Les Européens doivent témoigner d’une foi «personnelle et adulte

 

L’évangélisation, première ou seconde, est, on l’a vu, au cœur de l’exhortation postsynodale, comme elle avait déjà été au centre du premier synode pour l’Europe en 1991.

 

«Église en Europe, écrit Jean-Paul II, la nouvelle évangélisation est le devoir qui t’attend !» Et encore : «L’Europe réclame des évangélisateurs crédibles dans la vie desquels resplendisse la beauté de l’Évangile.»

 

Ils seront des témoins plus que des maîtres, formés à une foi «personnelle et adulte», pour proposer «une catéchèse adaptée aux différents itinéraires spirituels des fidèles». Cette annonce sera collective à travers la collaboration de toutes les Églises particulières d’Europe et «l’impératif imprescriptible d’une collaboration œcuménique fraternelle et convaincue», avec le souci de «rejoindre la culture européenne contemporaine», c’est-à-dire de s’inculturer.

 

Après un court chapitre sur la liturgie et les sacrements et avant celui sur l’Europe nouvelle publié ci-contre, l’exhortation examine «le service de la charité». La priorité donnée aux pauvres à qui il faut «redonner espérance», comme aux chômeurs ou aux malades, inclut «l’usage correct des biens de la terre», autrement dit la préoccupation écologique de la qualité de la vie.

 

Aux Églises européennes est demandé d’«annoncer avec une vigueur renouvelée ce que dit l’Évangile sur le mariage et la famille», mais aussi de «rencontrer avec une bonté maternelle» les familles disloquées.

 

Concernant les divorcés remariés, Jean-Paul II écrit : «Ils ne sont pas exclus de la communauté, ils sont même invités à participer à sa vie, en accomplissant un chemin de croissance dans la ligne des exigences évangéliques.
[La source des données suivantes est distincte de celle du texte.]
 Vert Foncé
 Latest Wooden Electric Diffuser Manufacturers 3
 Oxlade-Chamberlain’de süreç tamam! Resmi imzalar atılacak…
Sans leur taire la vérité du désordre moral objectif dans lequel ils se trouvent et des conséquences qui en découlent quant à la pratique sacramentelle, l’Église entend leur montrer toute sa proximité maternelle.»

 

La partie sur «Servir l’Évangile de la vie» réaffirme les engagements de l’Église sur les questions bioéthiques, l’avortement, «l’utilisation détournée» du diagnostic prénatal et de l’euthanasie.

 

Enfin, «bâtir la cité de l’homme» incite à confronter à la doctrine sociale de l’Église la valeur morale de la civilisation européenne. Ainsi, face aux défis de l’immigration, l’exhortation postsynodale incite chacun à «s’employer à la croissance d’une solide culture de l’accueil […] à «découvrir les formes possibles d’une véritable intégration des immigrés» : «Église en Europe, écrit encore le Pape, libre de toute entrave et de toute dépendance, sois pauvre et amie des plus pauvres, accueillante envers toute personne et attentive à toute forme de pauvreté, qu’elle soit ancienne ou nouvelle.»